What Texas Music Really Is
selected music columns from Buddy Magazine; copyright 2009
Cover blurbs:
“Very good listener and very perceptive. I wish there were
more like you.” – Lloyd Maines
“Yours is a voice that at times reaches out gently and turns
my face back around to where I should be looking. Thank you for that.” - Nathan
Hamilton
“I really, really appreciate the careful consideration and
thoughtfulness you put into your writing. It’s refreshing to read an articulate
perspective and response to the music, as opposed to just a regurgitation of
press materials. Yours is the kind of writing that I used to soak up when I was
teenager, and would send me running to the store to explore that music on my
own. So thanks for maintaining a real voice. – Danny Schmidt
“You are one of the best advocates we have, and I thank you
for your non-materialism, your selfless patronage of the arts . . .”- Jeanie
Perkins
“I love the way your mind works, your interpretation of
life, and the way you communicate your perspective.” - Tiffany Shea
“His knowledge of music and the music business is astounding
, , , a real professional and
intellectual.” – Michael “Rockzilla” Johnson
“ . . . Eudora Welty of Texas music.” - Candance Robison
“I’m just drunk enough to tell you that you’re my
most-admired person in Texas music.” – anonymous
Excerpt:
Black dirt mixed with sweat fills the tiny cuts on your
fingers. Your back aches without release in the cotton fields, where the rows
are long and dusty and the first blues notes danced in the heat.
In the old mountains where Celtic music began to become
American music, vague feelings of isolation and inevitability danced with the
changing of the seasons.
In the dark of a long night lit by the moon through an open
window, and perhaps in the one-room church on a Sunday morning, we danced with
one another and we prayed for imaginary sins to be forgiven.
These were among the kinds of spiritual places where people
created the roots of our best music. Good music comes from many places, but
these are the places that call me tonight. In the landscapes and in the
yearnings of the Celtic and African peoples who could lost themselves – and
find themselves again – in the soundscapes that are, at the same time, as
simple and complicated as the at-once real and mythical South.
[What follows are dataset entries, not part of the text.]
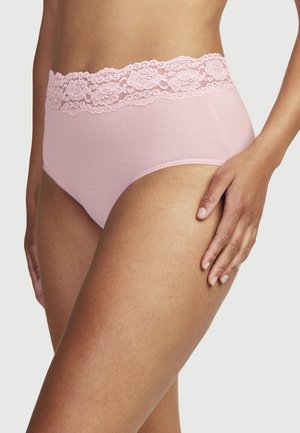 Lichtroze hoog-gezette onderbroeken met een bloemmotief van kant aan de taille. De stof is glad met een zachte textuur en gegolfde randen.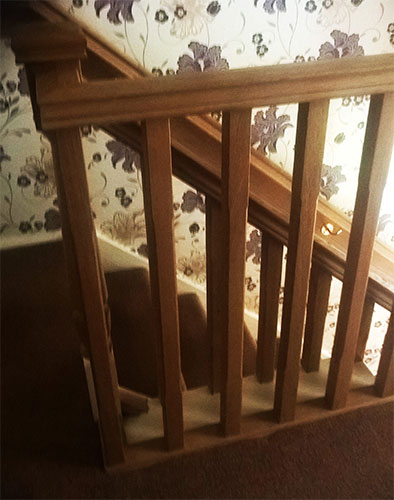 Photo 069 - Handrails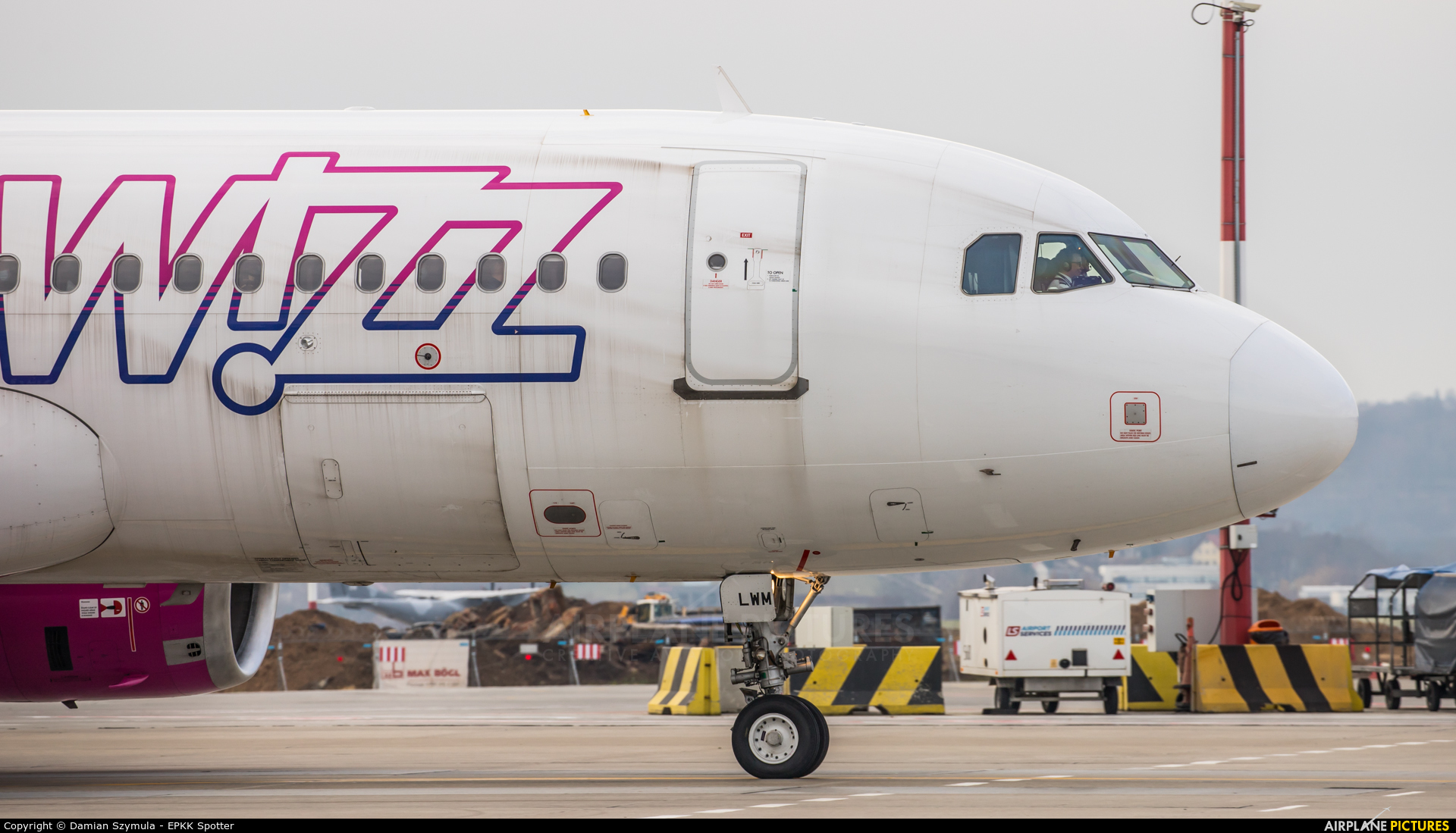 Wizz Air HA-LWM aircraft at Kraków - John Paul II Intl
It is easy to
write that most of this nation’s most meaningful art – including music – has
risen from the fundamentalist South. It is easy to write that this art is most
often dearly personal.
The acoustic blues, as a musical form, comes from the
country. The blues got a little more complicated, a little less clean, in the
city. So did the kind of country-folk music I invoke here, although in its revival
today it is, perhaps, less of a novelty than acoustic blues.
Neither kind of music is, by today’s cynical standards,
sophisticated. Which isn’t a problem for people with open minds.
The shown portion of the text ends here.